▶ PROBLEM TO WORK ON: Find the line that contains "track farm route cycle mecklenburgvorpommern"; then retype it and each line after it, exactly, through the final line of the data below.

▶ LISTED ENTRIES:

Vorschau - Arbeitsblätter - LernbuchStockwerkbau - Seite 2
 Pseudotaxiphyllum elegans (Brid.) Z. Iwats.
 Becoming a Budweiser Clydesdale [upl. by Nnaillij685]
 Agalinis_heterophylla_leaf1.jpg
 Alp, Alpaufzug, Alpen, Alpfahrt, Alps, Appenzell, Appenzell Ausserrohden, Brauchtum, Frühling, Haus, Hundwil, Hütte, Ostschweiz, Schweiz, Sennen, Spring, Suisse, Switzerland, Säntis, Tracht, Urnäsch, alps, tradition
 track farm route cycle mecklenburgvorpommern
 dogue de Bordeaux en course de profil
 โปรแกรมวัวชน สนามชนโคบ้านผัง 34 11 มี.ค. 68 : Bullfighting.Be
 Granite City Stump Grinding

▶ RESULT FOR THIS EXERCISE:
 track farm route cycle mecklenburgvorpommern
 dogue de Bordeaux en course de profil
 โปรแกรมวัวชน สนามชนโคบ้านผัง 34 11 มี.ค. 68 : Bullfighting.Be
 Granite City Stump Grinding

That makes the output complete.